Leaving out the images, please output every entry exactly as it appears.

___ RECORDS FOR PROCESSING

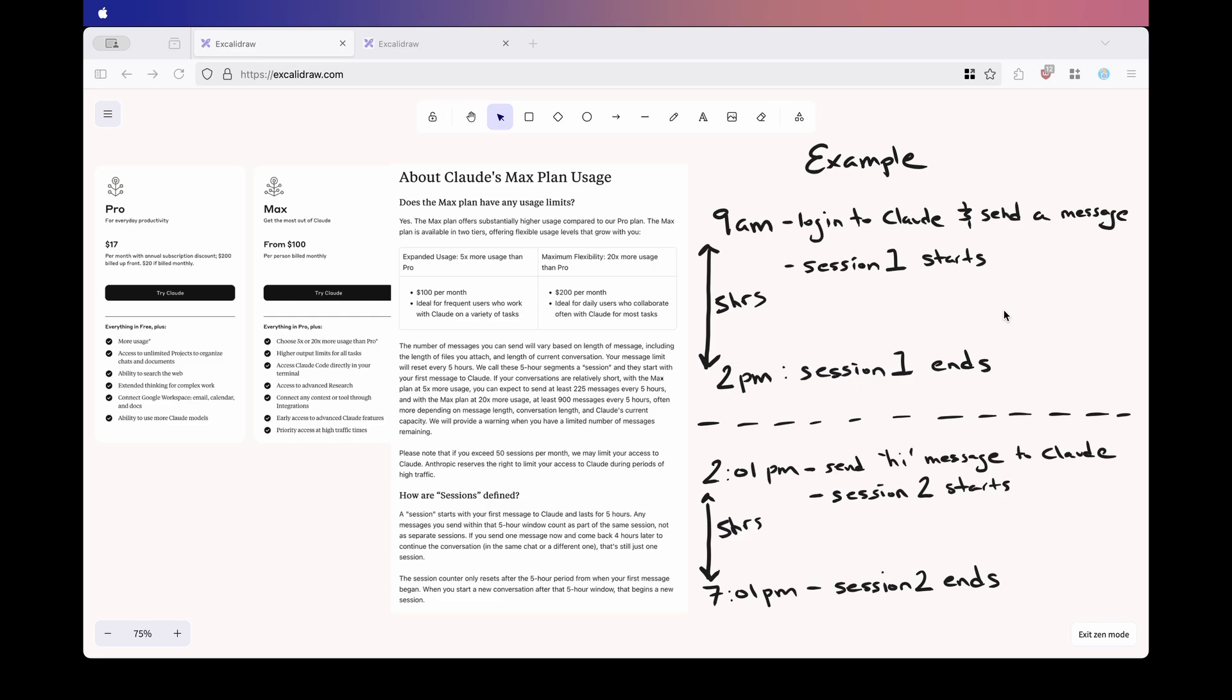Most people won't be tracking when they started a session and how much time remains in their session. They shouldn't have to, right? That's not practical. So my question to Anthropic is, if a user accidentally starts a new session, say by sending a few messages right after the previous session ends, should that really count as a full session?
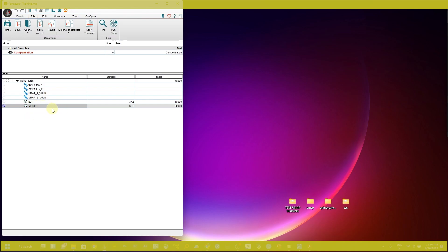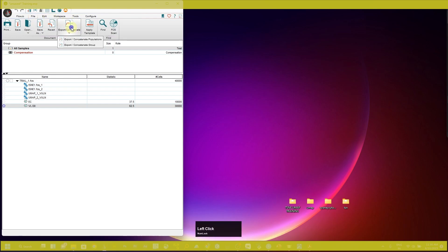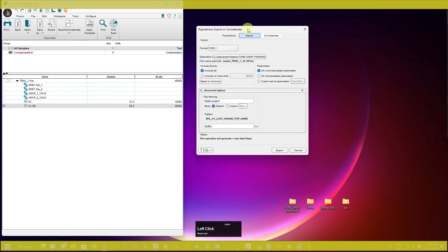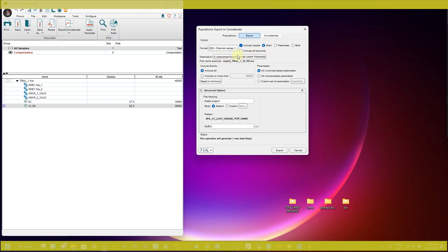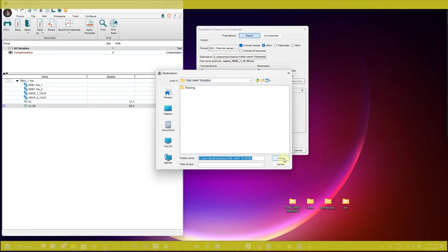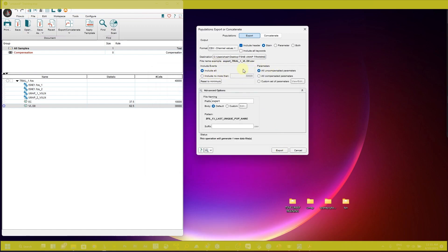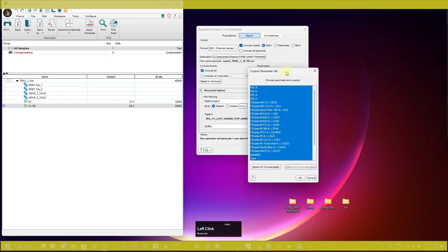Now I'm going to show you how you can export the data file from the FlowJo software to transform your t-SNE or UMAP plot using the R script. I am selecting the VLD0 group first. Go to File, Export, and click on Export. In the output format, you must select CSV channel value — this is very important. Then select the destination folder, include all events, and for parameters select a custom set.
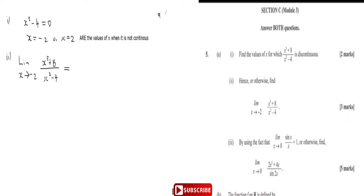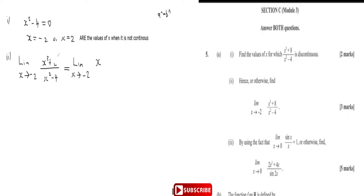In order to do this limit, we need to remember the rule about a to the n minus b to the n. Don't forget that rule — a to the n minus b to the n equals a minus b times a to the n minus one and all of that. So we're going to rewrite this as the limit as x approaches minus two, rewriting x cubed plus eight.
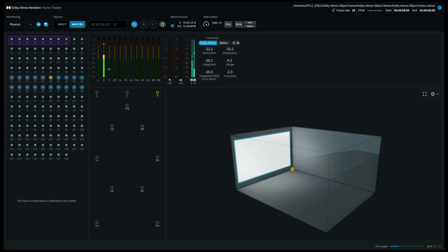An object is basically a sound file with attached metadata of the positioning. The advantage of this system is that the positioning is precise and scalable to the number of speakers on the playback side.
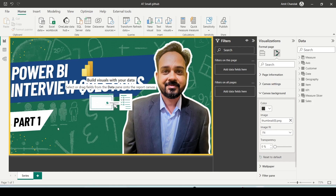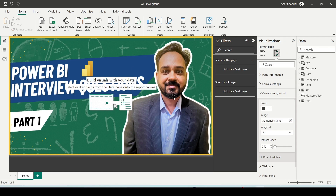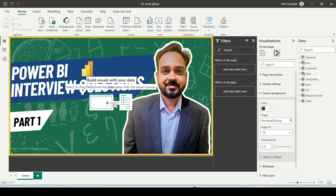This is how Power BI Desktop looks. You can do data connectivity, data modeling, data visualization, and report authoring. You have Get Data, Model, Data, and Visualization options. On the right-hand side you have the data pane. It is a Windows application that gets installed on Windows. You can answer questions regarding Power BI Desktop with these few things covered.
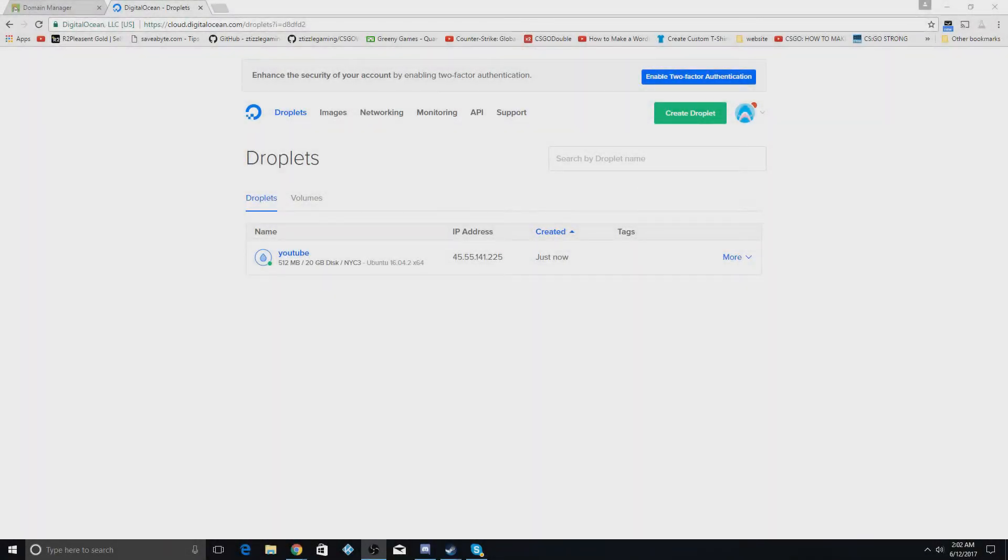Hey guys, welcome back to my channel. Long time no see. I'm hoping to make more videos this summer, but today I'll be showing you how to link your domain to your DigitalOcean droplet or basically any other website you're trying to make.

______

● **SOLUTION TO THE EXERCISE**:
Most people won't be tracking when they started a session and how much time remains in their session. They shouldn't have to, right? That's not practical. So my question to Anthropic is, if a user accidentally starts a new session, say by sending a few messages right after the previous session ends, should that really count as a full session?
Now I'm going to show you how you can export the data file from the FlowJo software to transform your t-SNE or UMAP plot using the R script. I am selecting the VLD0 group first. Go to File, Export, and click on Export. In the output format, you must select CSV channel value — this is very important. Then select the destination folder, include all events, and for parameters select a custom set.
In order to do this limit, we need to remember the rule about a to the n minus b to the n. Don't forget that rule — a to the n minus b to the n equals a minus b times a to the n minus one and all of that. So we're going to rewrite this as the limit as x approaches minus two, rewriting x cubed plus eight.
An object is basically a sound file with attached metadata of the positioning. The advantage of this system is that the positioning is precise and scalable to the number of speakers on the playback side.
This is how Power BI Desktop looks. You can do data connectivity, data modeling, data visualization, and report authoring. You have Get Data, Model, Data, and Visualization options. On the right-hand side you have the data pane. It is a Windows application that gets installed on Windows. You can answer questions regarding Power BI Desktop with these few things covered.
Hey guys, welcome back to my channel. Long time no see. I'm hoping to make more videos this summer, but today I'll be showing you how to link your domain to your DigitalOcean droplet or basically any other website you're trying to make.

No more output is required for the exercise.